Another argument is the "embedding problem" in which ethical sentences are embedded into more complex sentences. Consider the following examples:

  • Eating meat is not wrong.
  • Is eating meat wrong?
  • I think that eating meat is wrong.
  • Mike doesn't think that eating meat is wrong.
  • I once thought that eating meat was wrong.
  • She does not realize that eating meat is wrong.

Attempts to translate these sentences in an emotivist framework seem to fail (e.g. "She does not realize 'Boo to eating meat!'"). Prescriptivist translations fare only slightly better ("She does not realize that she is not to eat meat"). Even the act of forming such a construction indicates some sort of cognition in the process.

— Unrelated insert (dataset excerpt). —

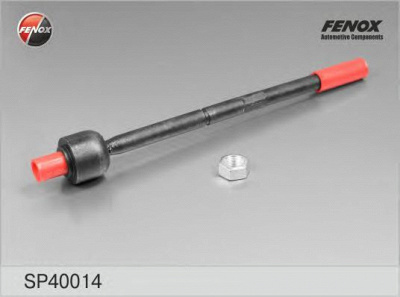 FENOX sp40014 -  Осевой шарнир, рулевая тяга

According to some non-cognitivist points of view, these sentences simply assume the false premise that ethical statements are either true or false. They might be literally translated as:

  • "Eating meat is wrong" is a false statement.
  • Is "eating meat is wrong" a true statement?
  • I think that "eating meat is wrong" is a true statement.
  • Mike doesn't think that "eating meat is wrong" is a true statement.
  • I once thought that "eating meat is wrong" was a true statement.
  • She does not realize that "eating meat is wrong" is a true statement.

These translations, however, seem divorced from the way people actually use language. A non-cognitivist would have to disagree with someone saying, "'Eating meat is wrong' is a false statement" (since "Eating meat is wrong" is not truth-apt at all), but may be tempted to agree with a person saying, "Eating meat is not wrong."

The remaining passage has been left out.